▶ Aim of the task:
Copy the records below exactly, starting at the line that contains "Kleine Luxe Eco" and ending at the line that contains "Lilly Pulitzer 100%"; leave out any pictures.

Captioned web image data

******************************

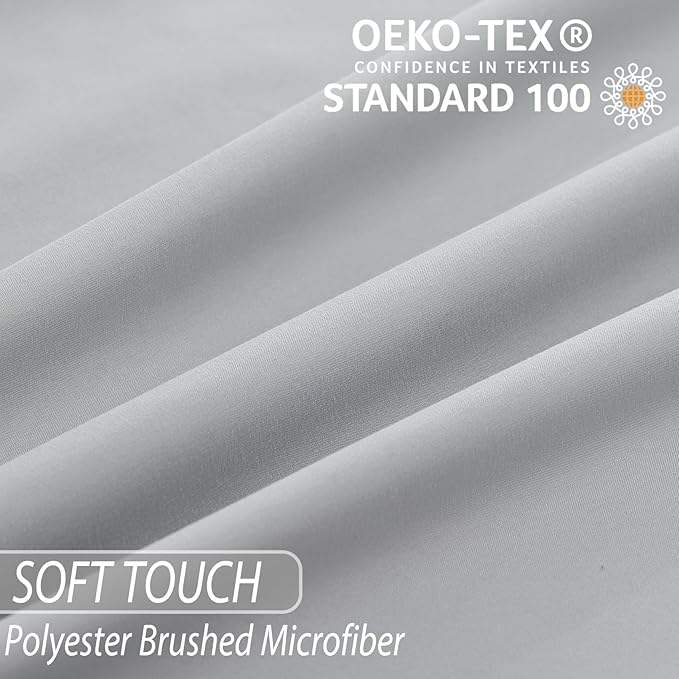 Whitney Home Textile Twin Sheets Set, Soft Microfiber Hotel Bed Sheets Twin Size, Extra Deep Pocket, Luxury Breathable Bedding Sheet & Pillowcase Sets, 3 Piece Wrinkle Free Oeko-Tex, Grey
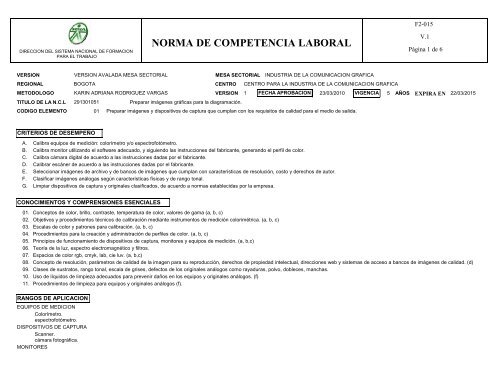 NORMA DE COMPETENCIA LABORAL - Sena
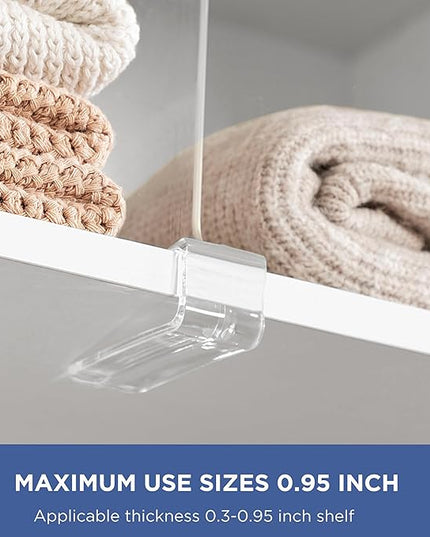 HBlife 10 Pack Clear Shelf Dividers, Vertical Purse Organizer for Closet Perfect for Sweater, Shirts, Handbags in Bedroom and Kitchen, Adjustable Acrylic Bookshelf for Organization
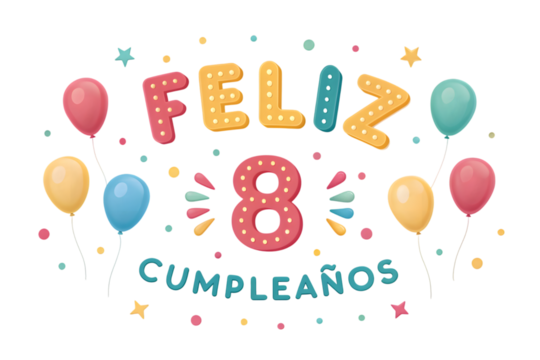 Feliz Cumpleanos with Number 8 and Balloons on PNG Transparent background happy birthday spanish - Powered by Adobe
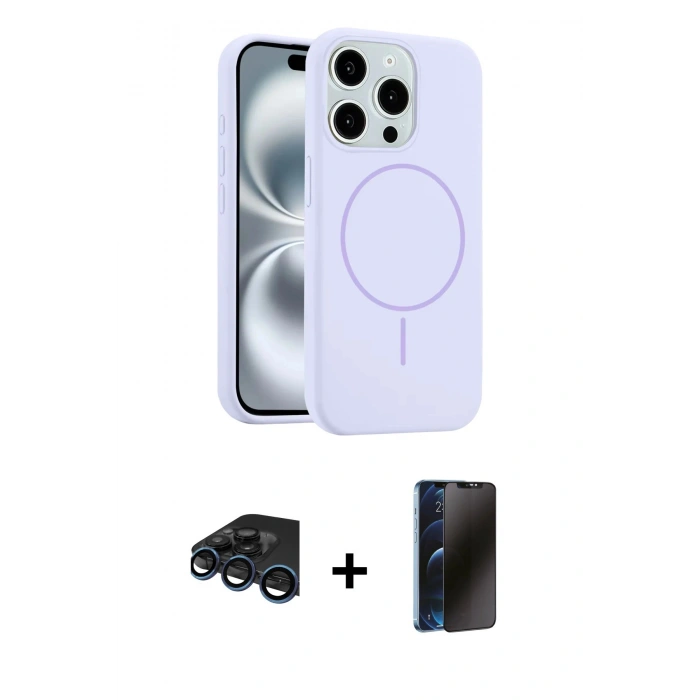 MARSİLYAN™- iPhone 15 Pro Max Kılıf Yankı Form Serisi - Siyah 3D Antistatik Hayalet Cam Ekran Koruyucu + Raze Metal Kamera Lens - LT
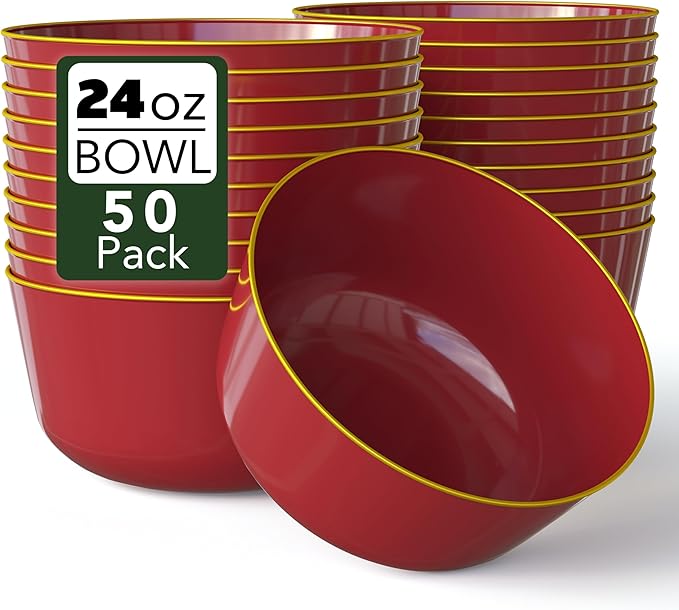 Trendables Plastic Bowls Disposable Bowls 24 Oz Bowl Set Of 50 Burgundy Gold Rimmed Fancy Plastic Serving Dishes Perfect for Parties and Events Disposable Candy Bowl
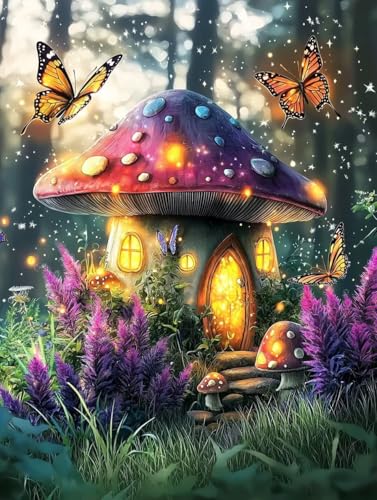 Fantasy Diamond Painting XXL Leinwand 90x120 cm, Diamond Painting Erwachsene Bastelset, 5D Diamant Malerei Kinder Stickerei Kreuzstich Bilder Set, Zimmer Deko Schlafzimmer, Weihnachtsgeschen Z-82 von Wuiddnng
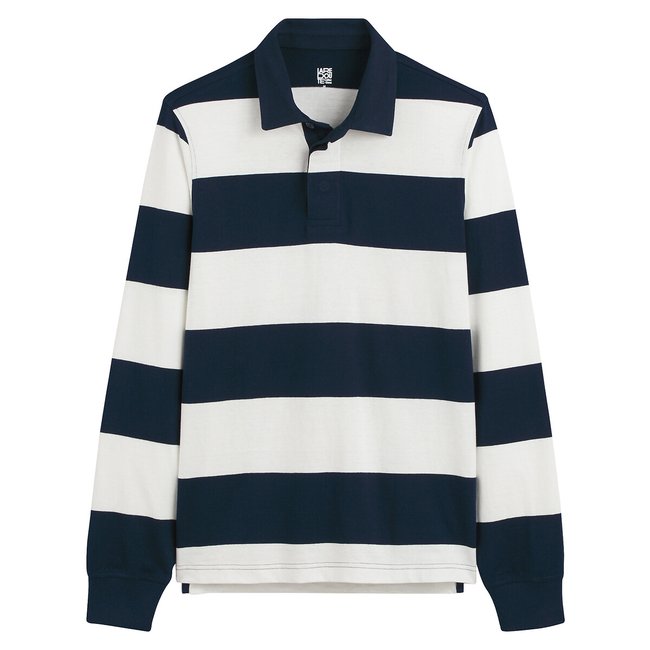 Polo in cotone bio maniche lunghe a righe marine/écru LA REDOUTE COLLECTIONS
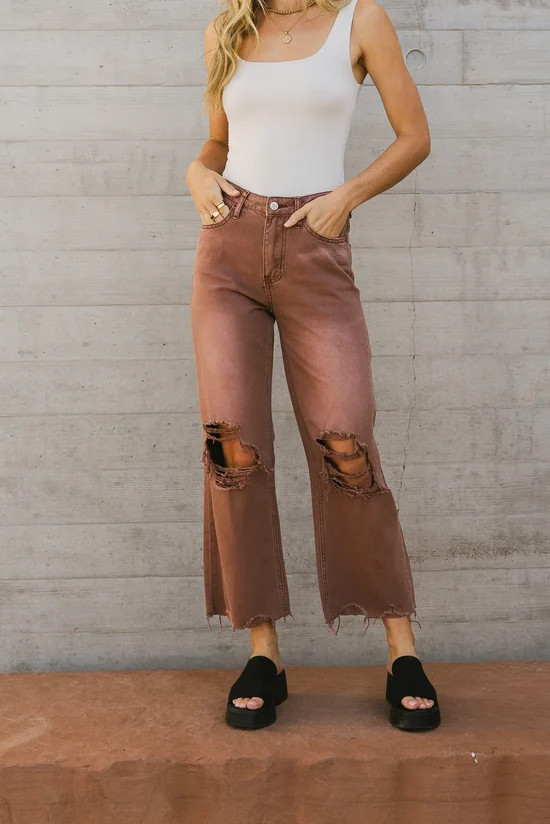 Charlie Distressed Jeans in Mauve - FINAL SALE | Böhme US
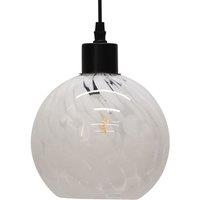 First Choice Lighting Confetti - Glass Globe with Black Pendant Fitting in White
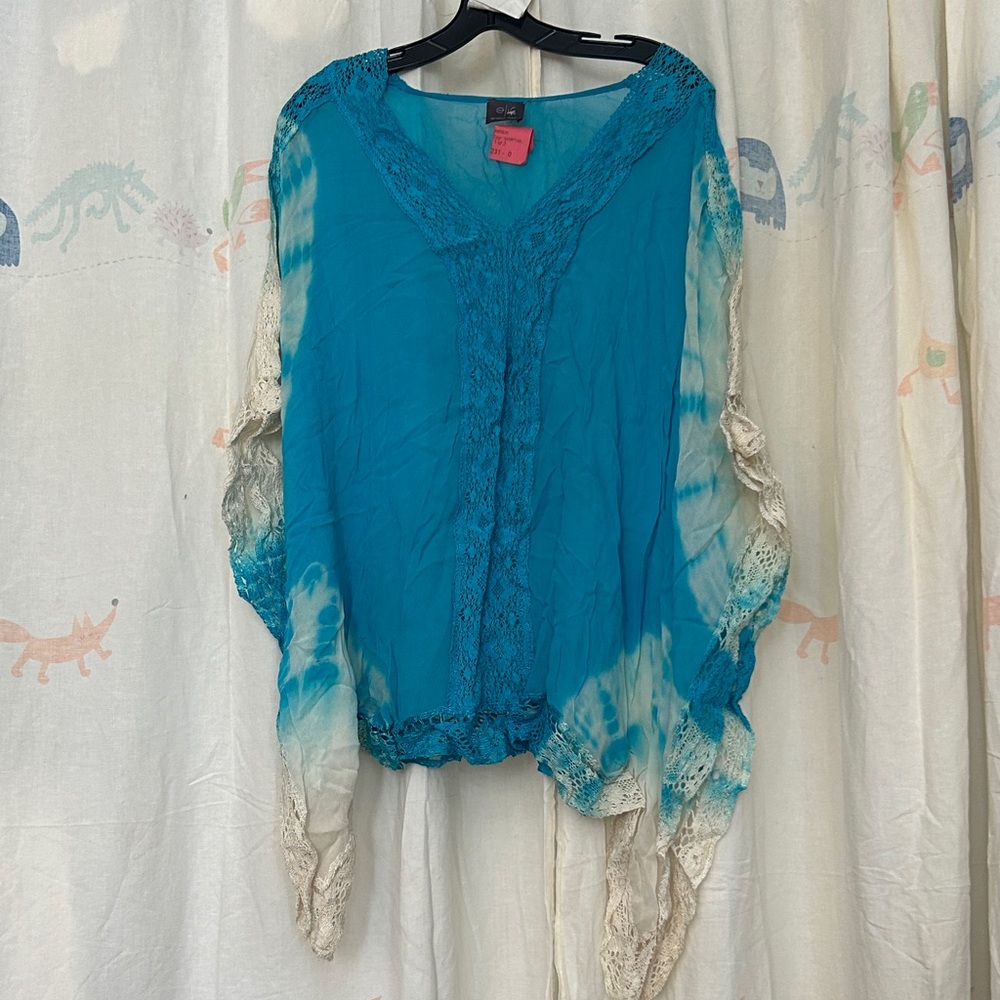 Elif by Jordan Taylor Teal and Cream Lace Blouse M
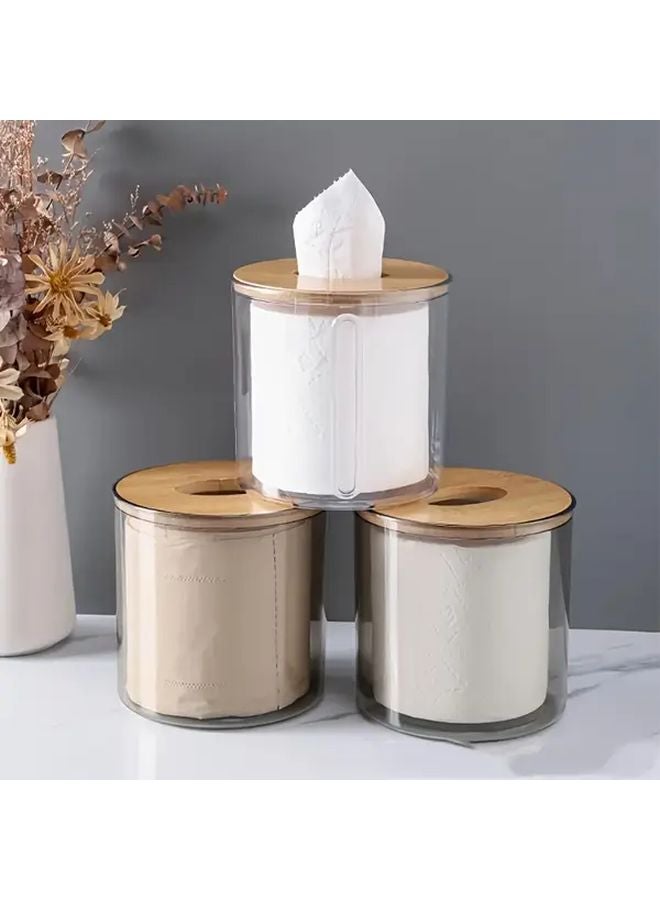 Transparent Silvery Round Tissue Box With Bamboo Lid Bathroom Living Room Storage Container - Image 3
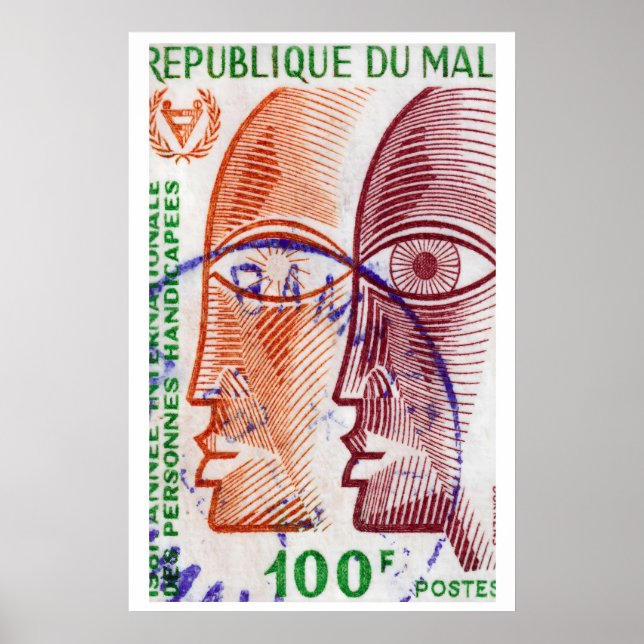 Póster Caras Estilizadas Sello Postal de Malí Años 80 - V (Frente)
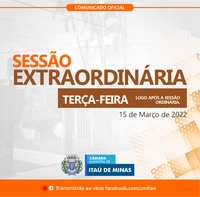 COMUNICADO DE SESSÃO EXTRAORDINÁRIA 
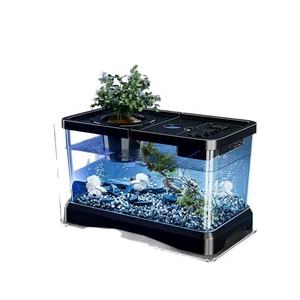 Kleine Luxe Eco Tank Transparant Goudvis <span class=keywords><strong>Aquarium</strong></span> Aluminium Deksel Injectie Pp Opslag Bak Voor Thuis Woonkamer Desktop CX-0012 - Product Image 1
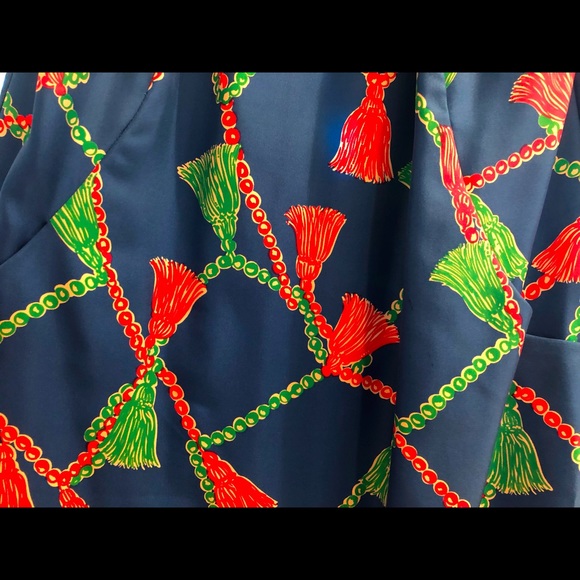 Lilly Pulitzer 100% silk blue and pink tassel dress with gold neckline + pockets - Picture 2 of 5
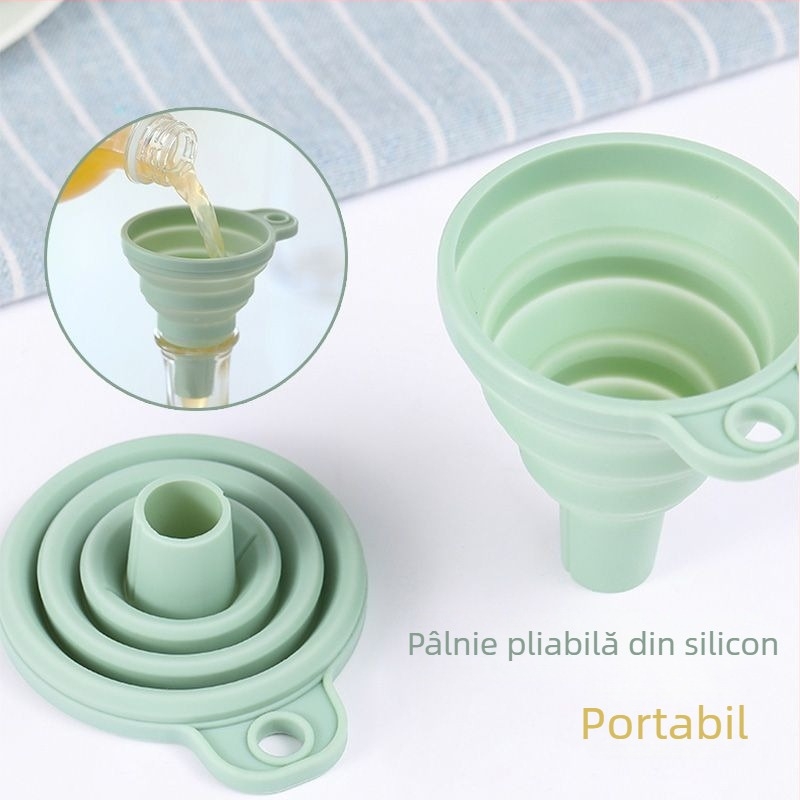 Pâlnie pliabilă din silicon pentru uz casnic, cu diametru mic pentru turnarea uleiului.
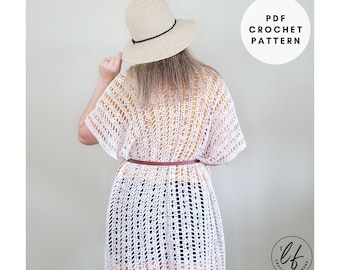 Crochet Cover Up Pattern PDF, a lacy ruana accessory for spring and summer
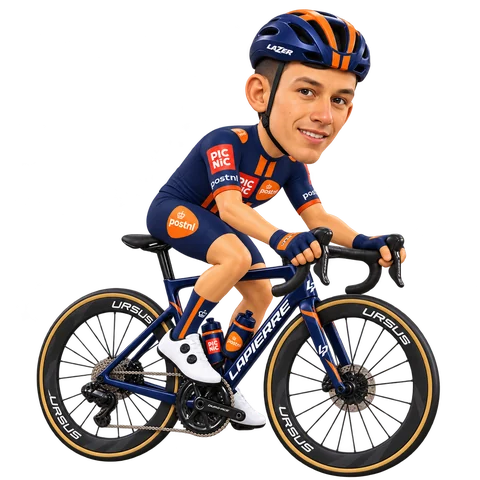 Ilustración de Juan Guillermo Martinez con el maillot 2026 de Team Picnic PostNL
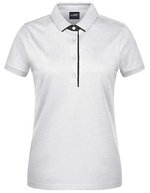 James&Nicholson Polo mit Kontraststreifen für Damen, Black/Red XS, JN725 – Bianco/Nero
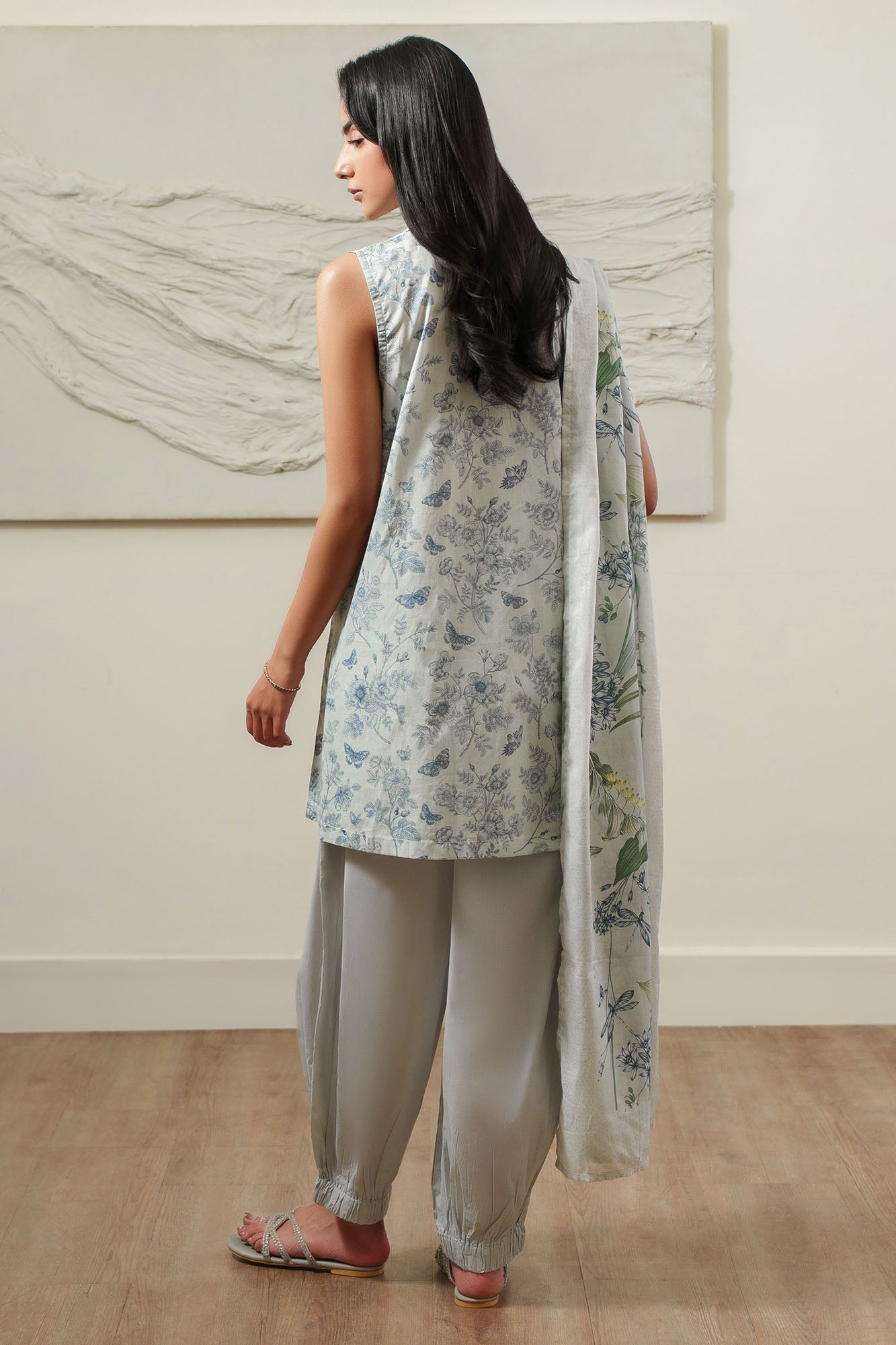 GRAY HORIZON-3 PIECE PRINTED LAWN SUIT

******************************

▶ Expected answer:
 Kleine Luxe Eco Tank Transparant Goudvis <span class=keywords><strong>Aquarium</strong></span> Aluminium Deksel Injectie Pp Opslag Bak Voor Thuis Woonkamer Desktop CX-0012 - Product Image 1
 Lilly Pulitzer 100% silk blue and pink tassel dress with gold neckline + pockets - Picture 2 of 5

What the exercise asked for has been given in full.